Dear CUPE-Executive:

Thank you for passing the resolution to support the campaign of boycott, divestment and sanctions against Israel. It has become plainly obvious to anyone who has studied the actions of the Israeli government that their goal is not security but rather confiscation of as much of the West Bank as possible.

Like South Africa, Israel will have to be subjected to intense international pressure before it recognizes Palestinians as a people with the right to their own state and/or equal rights in a joint Palestinian/Jewish state.
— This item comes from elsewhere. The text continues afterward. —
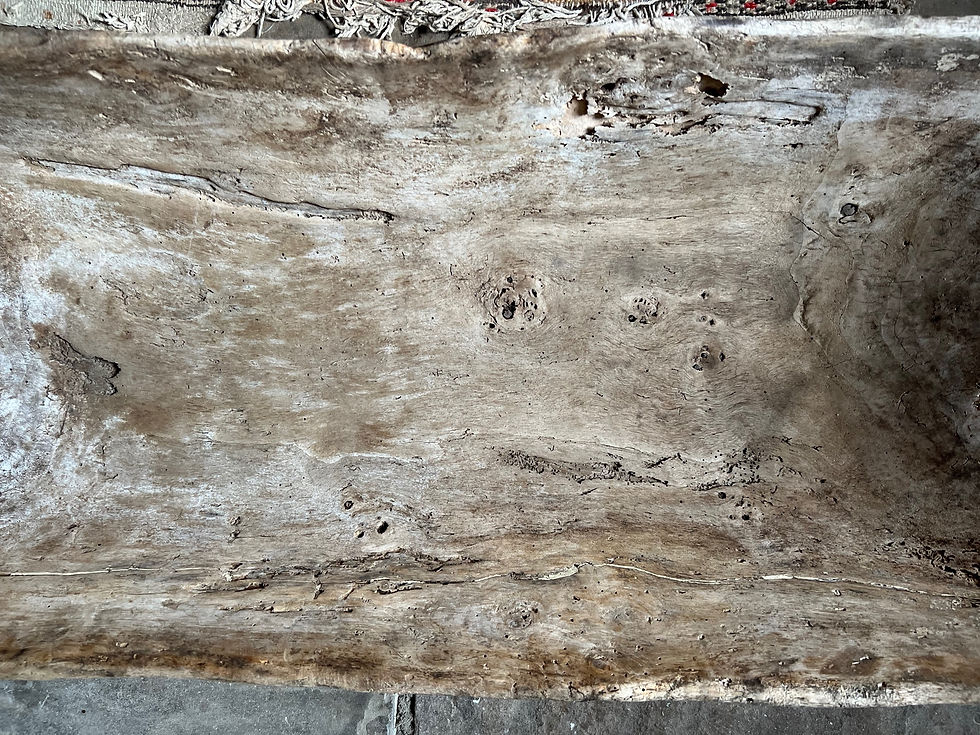 Thumbnail: Antique Dough Bowl - Horace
No doubt you will come under intense pressure from pro-Israeli organizations to reverse this courageous decision, but rest assured that the overwhelming majority of people in the world are not fooled by right-wing, racist rhetoric and the mainstream media bias surrounding this issue.

Thank you again!

**************

To whom it may concern

I wish to express my profound gratitude to CUPE Ontario for passing Resolution 50 in support of the global campaign against Israeli Apartheid.
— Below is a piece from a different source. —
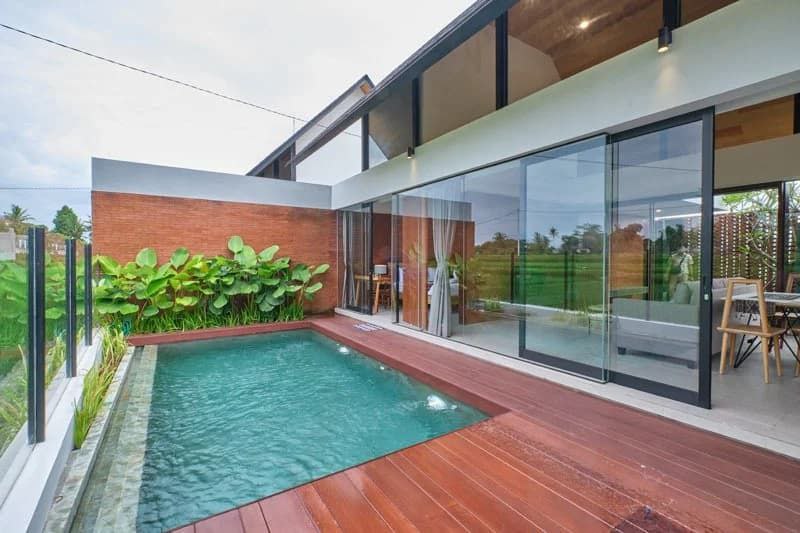 Villa de 2 dormitorios en Ubud, Indonesia No. 2539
Only the grossly uninformed or misinformed can fail to comprehend the inexcusable suffering that Israel has inflicted on the Palestinian people for nearly six decades. For the sake of all of humanity, it must end.

Again, I commend your courage and principle. Rest assured, the vast majority of thinking people who want to see a peaceful world stand with you.

Most certainly you will come under great pressure from the pro-Israel lobby to reverse your decision. Please stand firm for justice and International Law.